__Records for the exercise__
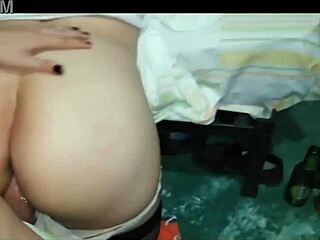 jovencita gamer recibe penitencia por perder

* * *

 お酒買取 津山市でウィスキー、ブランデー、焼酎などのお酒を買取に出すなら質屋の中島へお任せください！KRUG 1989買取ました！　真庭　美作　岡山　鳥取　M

--

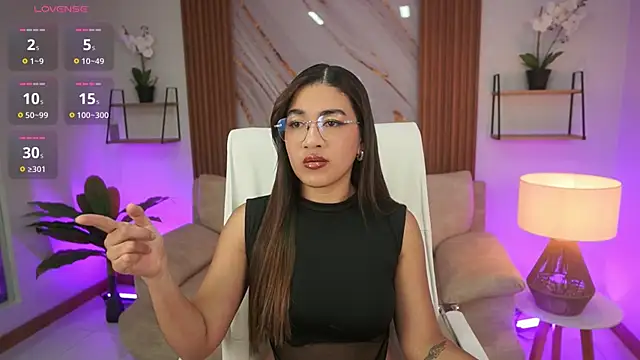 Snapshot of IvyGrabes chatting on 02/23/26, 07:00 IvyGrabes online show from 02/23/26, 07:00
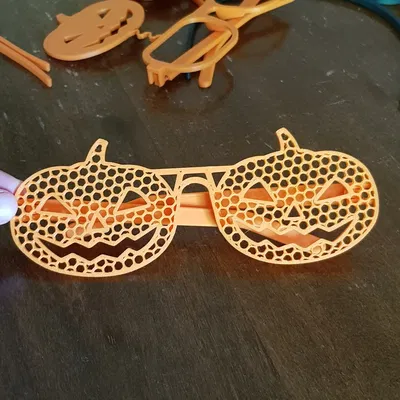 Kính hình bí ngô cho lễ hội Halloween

__Goal of the exercise__
Although the records hold pictures, the copy must not; give again exactly the lines from the one with "Snapshot of IvyGrabes" through the one with "Kính hình bí ngô cho lễ hội Halloween".

__Written solution__
 Snapshot of IvyGrabes chatting on 02/23/26, 07:00 IvyGrabes online show from 02/23/26, 07:00
 Kính hình bí ngô cho lễ hội Halloween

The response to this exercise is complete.